Do You Know How to Detect Online Fraud?

Online fraud has become so prevalent that many agencies and businesses are now devoted to the issue. Government agencies like the Federal Trade Commission (FTC) and companies like eConsumer Services® work to help consumers report online fraud and fight back.

The fact that so many public and private resources are devoted to online fraud means that the problem is serious. And it’s growing.  In fact, every day dozens fall victim to internet fraud; the United States is leading the way, reporting more cases of fraud than other countries around the world.

Statistics & Prevalence

Online fraud statistics in the United States suggest that we are leading the way in cases of fraud. This translates to a monetary loss of $1,800 for each victim and a combined loss of more than $525 million.

While many are wary of the Nigerian prince in need of a favor, or the long lost lover that can never quite find time to video chat, most scams aren’t always obvious or typical–and many are growing in sophistication.

Common Scams

In order to recognize online fraud, you must first know what kinds of scams are common in order to quickly identify red flags before it’s too late. Let’s review a few common fraud techniques and scams.

  • Business: If you spend any time online you’ve likely run into someone claiming to make a lot of money on the Internet. Although many of these “my sister makes $5,000 a month and you can too” comments are written off as spam, some are more convincing. This common scam may seem innocent, but for those that take the bait, it can quickly turn into a nightmare scenario. You’ll be asked to pay for training, equipment and membership dues, all while receiving nothing in return.
  • Identity Theft: Among the top of the consumer complaints list last year was identity theft, and for many it’s the scariest. Cyber criminals can easily access your bank account and credit lines, as well as create new ones.
  • Imposter:  This scam preys on your willingness to help a friend in need. Scammers typically send an email, pretending to be a friend who has been robbed or suffered some other misfortune and needs money wired via Western Union. In the end, it is not your friend but an imposter.
  • Investment: Even the trustworthiness of investments can be a sly scam in disguise. This is true in offline investments as well. Even so, unsolicited emails with promises of profitable investments are almost always a scam.
  • Romance: One of the oldest scams around is the romance scam. It’s evolved and grown with modern technology to offer scammers a broader reach and increased access to potential victims. The goal of the scammer is to lower your defenses through establishing a relationship with you. They then ask for gifts, money, or other favors, and eventually leaving you behind to move on to the next target.
  • Foreign Transactions:  Ordering items from a foreign country can be taxing. There’s the issue of payment and exchange rate, as well as package tracking limitations and customs forms. While there are many legitimate business located in countries across the globe accessible online, all are not what they seem. Once your item is ordered, all communication turns cold and your merchandise is nowhere to be found.
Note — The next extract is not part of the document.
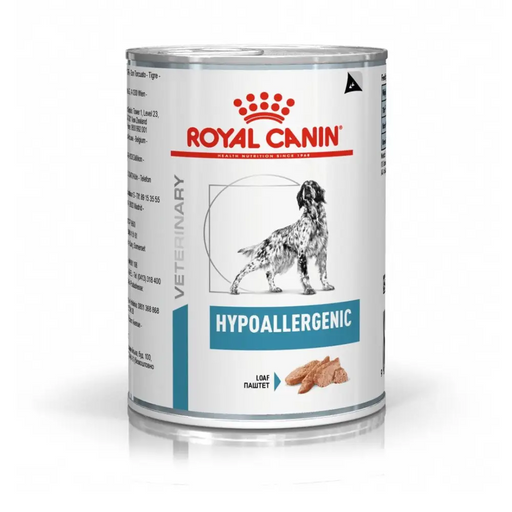 ROYAL CANIN Vet Hypoallergenic Canine - мокра храна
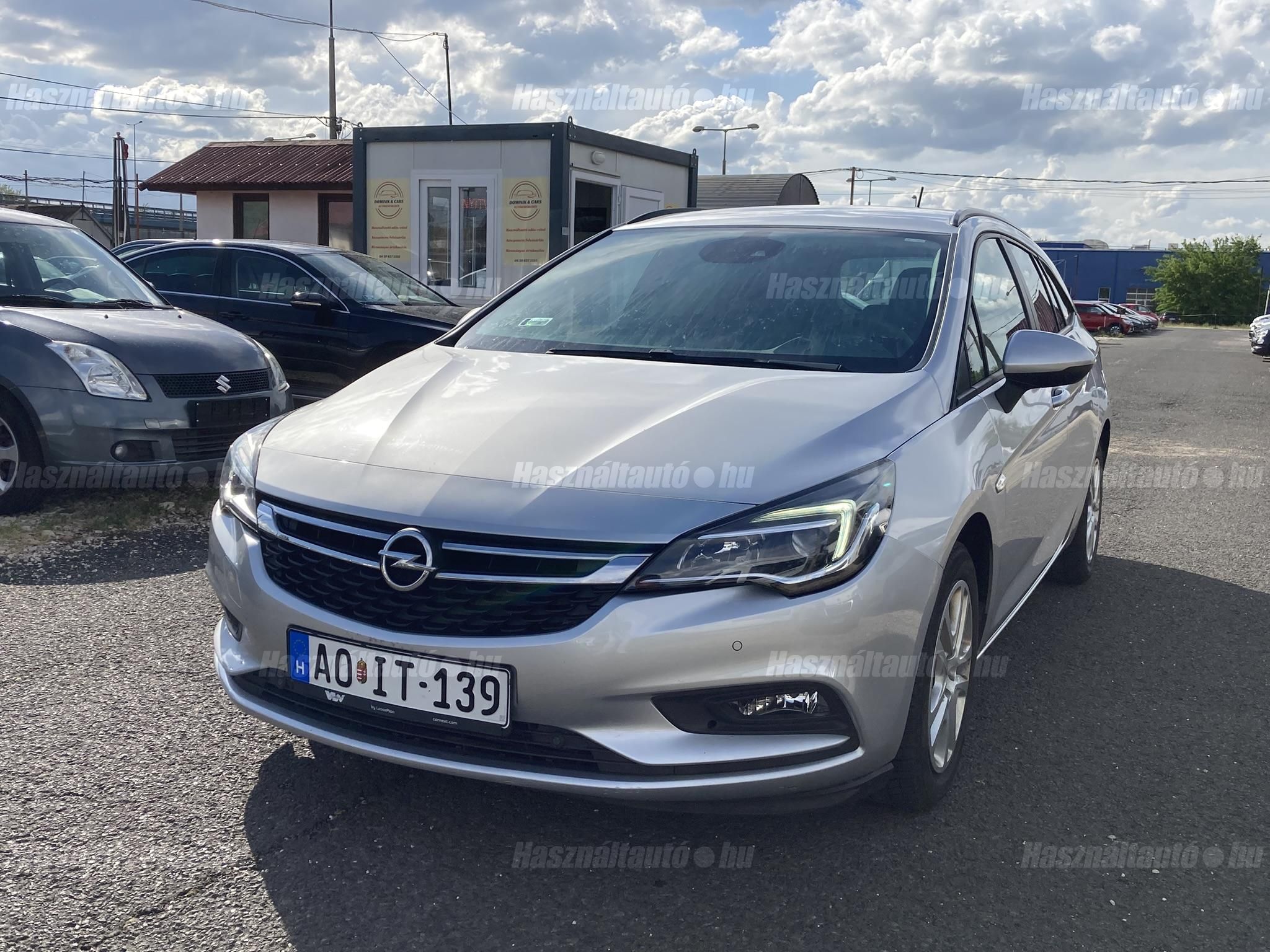 OPEL ASTRA K 2017/9 - 1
While online fraud is prevalent, there are things that you can do to protect yourself and legal recourse. There are also actions you can take if and when you or someone you know is ever a victim of Internet fraud.

Report scam emails when you receive them. You may be tempted to send them to your spam folder and move on, but others may not. It is important to notify officials and spread awareness.

If a business is the perpetrator, take action too. Fight back and file a complaint against an online business in an effort to recover your losses.


Above all, don’t be ashamed or embarrassed if you are a victim. Stand up for yourself and others. Learn from the experience and equip yourself with the tools necessary for present and future protection.